→ What to produce
For this exercise, please return exactly the line containing "A classroom with" and each line after it through the end of the records, with no pictures included.

[Records drawn from a dataset]
################
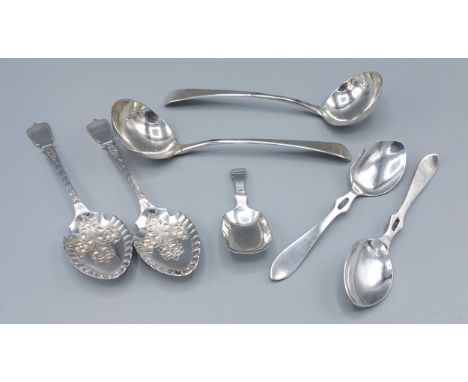 A pair of George III silver ladles, London 1803, makers Samuel Godbehere, Edward Wigan and James Boult, together with a Birmi
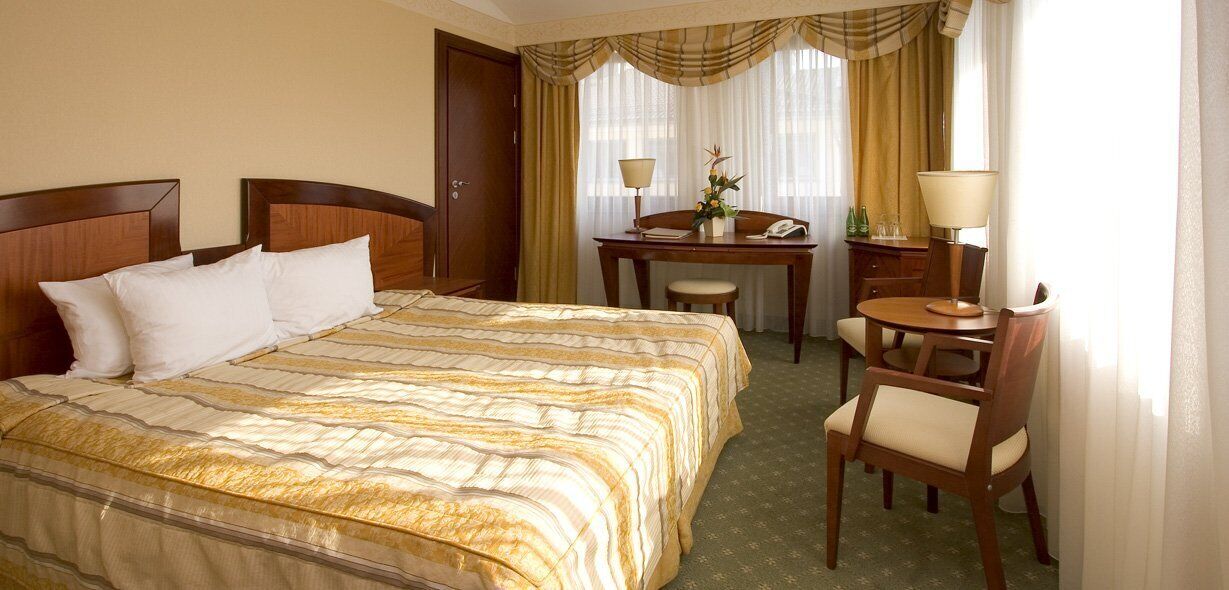 Una habitación de hotel con una cama grande, un escritorio con silla y una mesita con lámpara.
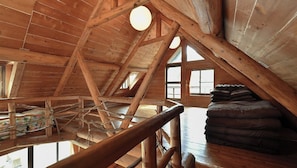 Un dormitorio rústico en el ático, con cama de altillo, vigas de madera y vistas por la ventana.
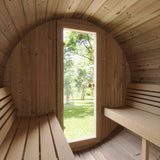Interior view of the SaunaLife E8 Barrel Sauna looking out the door to a green outdoor landscape.
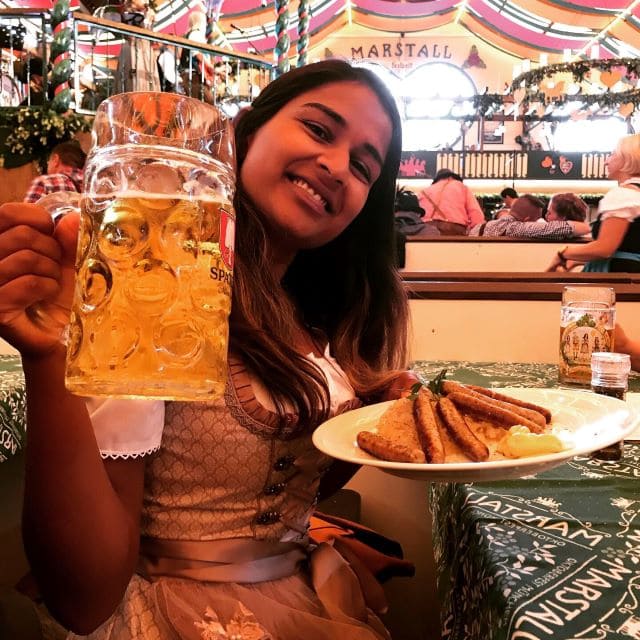 Marstall tent in background with sausage and beer 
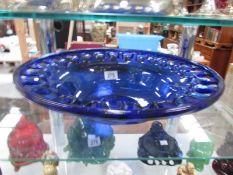 A large blue glass bowl.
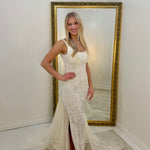 A woman stands indoors wearing an ivory lace mermaid gown with a high slit and long draped train, posed in front of a large gold-framed mirror.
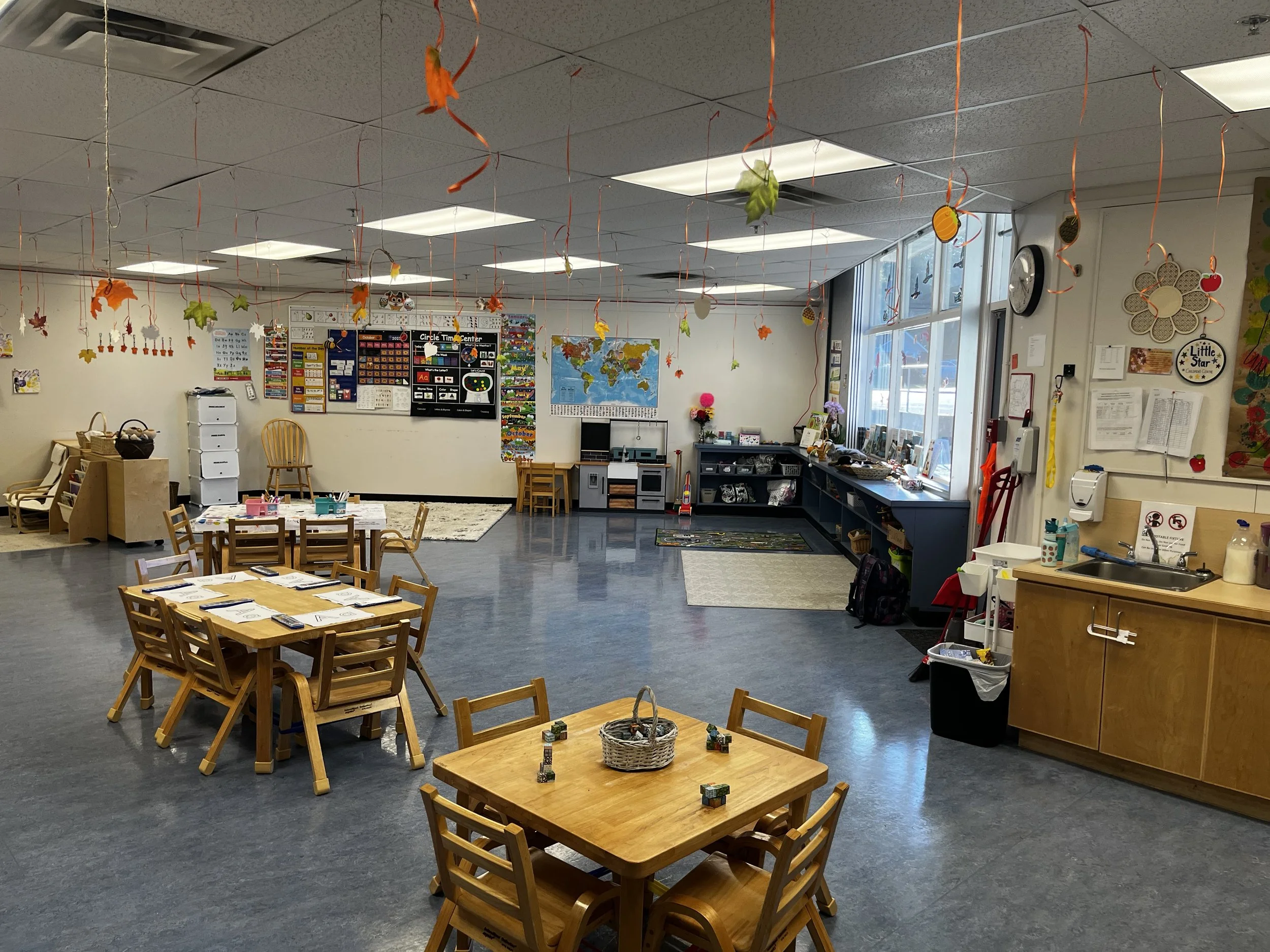A classroom with small tables and chairs, decorated for fall with hanging orange and green leaves and ribbons. There are shelves, a world map, and educational posters on the walls, with large windows letting in natural light.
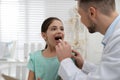 Pediatrician examining girl in office at hospital Royalty Free Stock Photo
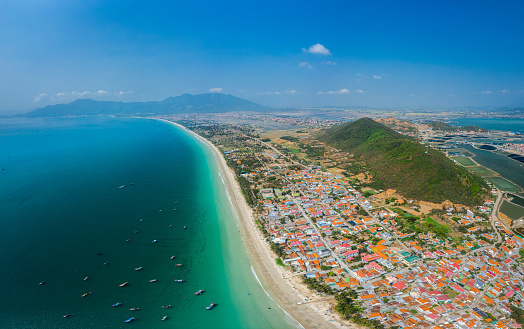 Drone view of Doc Let beach, with fishing boats nailing, basket boats, fishing village and sand - Khanh Hoa province, central Vietnam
################
→ Solution
A classroom with small tables and chairs, decorated for fall with hanging orange and green leaves and ribbons. There are shelves, a world map, and educational posters on the walls, with large windows letting in natural light.
 Pediatrician examining girl in office at hospital Royalty Free Stock Photo
 Drone view of Doc Let beach, with fishing boats nailing, basket boats, fishing village and sand - Khanh Hoa province, central Vietnam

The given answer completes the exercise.